Friday, January 23, 2015

Revisiting the Active Object Pattern - with C++11 Closures

I have a confession: with the never ending things going on (you know: life ;-) I missed the (fairly) recent changes in the C++ language.  C++ was my first OO language and it probably remains my favorite.  I can't help but love the mix of high level abstractions with metal grinding pointer arithmetic - it's like a cool sports car with manual transmission. Beauty and power.  You have to be more alert, more involved. That's part of the fun - you are taking control.  But for some time now C++ felt old, tired, disconnected from the endless stream of new languages.  Until C++11 came along.  

C++11  (formerly known as C++0x) is the most recent version of the standard of the C++ programming language. It was approved by ISO on 12 August 2011. C++11 includes several additions to the core language and extends the C++ standard library, incorporating most of the C++ Technical Report 1 (TR1) libraries.
Bjarne Stroustrup wrote that:
Surprisingly, C++11 feels like a new language: The pieces just fit together better than they used to and I find a higher-level style of programming more natural than before and as efficient as ever.
And it does feel like a new language. And this is exciting for geeks like me.  In this blog post I discuss how I implemented Schmidt's Active Object pattern in a novel way using C++11 Closures.

First, another confession: for a long time I've suffered from Node envy.  Node.js envy, to be precise. Look at this "Hello World" Javascript code:



What I "envy" is not the use of asynchronous I/O operation with callbacks ("the callback pattern"), but the compelling beauty of Lambda functions.  Lambda functions simplify asynchronous programming because they allow us to write code that is seemingly synchronous.  The code that is executed by the lambda function is temporally disjointed from the code that precedes it, and yet both parts are spatially co-located.  And the outcome is smaller, tighter code that feels more natural and is easier to read and maintain.  And this can be done in C++11.
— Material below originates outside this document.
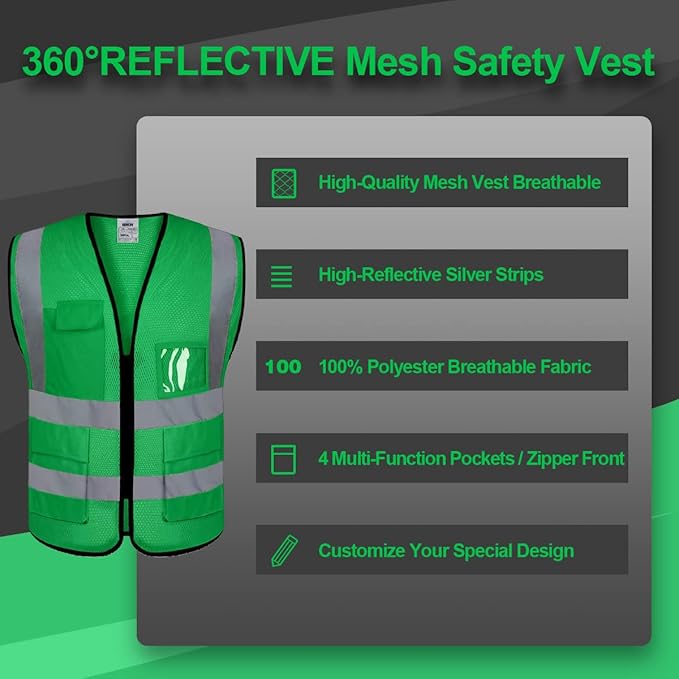 BeautyWill Custom Logo 10/20 Pack Safety Vest Class2 High Visibility Vest with Pockets Breathable Construction Vest Bulk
I won't discuss C++11 lambda functions because others have done this better than I can.  This article is an example of some of the great coverage you can find on the net (Alex Allain has lots of interesting material to read).  But I do want to touch on the difference between Lambda functions and Closures, since my implementation below uses Closures.  Lambda functions are anonymous functions that don't need to be bound to a name and can be specified as lambda expressions.  A Closure is an example of a lambda function which "closes" over the environment in which it was specified (meaning that it can access the variables available in the referencing environment).  Alex Allain's article (which I referenced above) doesn't make a big distinction between lambdas and closures and simply treats closures as lambdas with "variable capture".  Syntactically in C++ lambdas and closures are almost identical, so the distinction is there and it is slight, yet I think it is important to note the semantic difference.

On to Active Object.

Douglas Schmidt describes the Active Object design pattern in Pattern Oriented Software Architecture (Volume 2: Patterns for Concurrent and Networked Objects):
The Active Object design pattern decouples method execution from method invocation to enhance concurrency and simplify synchronized access to objects that reside in their own threads of control. 
Once again, I don't want to paraphrase the work of others, so I assume that you are knowledgeable about the details of the Active Object pattern.  If not, you should probably familiarize yourself with the pattern before reading on.
To illustrate my ideas, I will only concentrate on one variation of the Active Object  pattern.  In this variation the Client and Proxy are "folded" into the same object and the Scheduler and ActivationList implement a simple message queue policy (this is reminiscent of Schmidt's original AO paper, which he later expanded on).  I think this is probably the most prevalent variation of the pattern - in which we want to serialize access to an object, and use an in-order queue (FIFO) to "bounce" the method invocation from one thread to another.
Let's look at the example code from the Wikipedia entry on Active Object.  The Wikipedia code is implemented in Java and I went and implemented it using C++11.  I placed the comments in the code to explain the logic.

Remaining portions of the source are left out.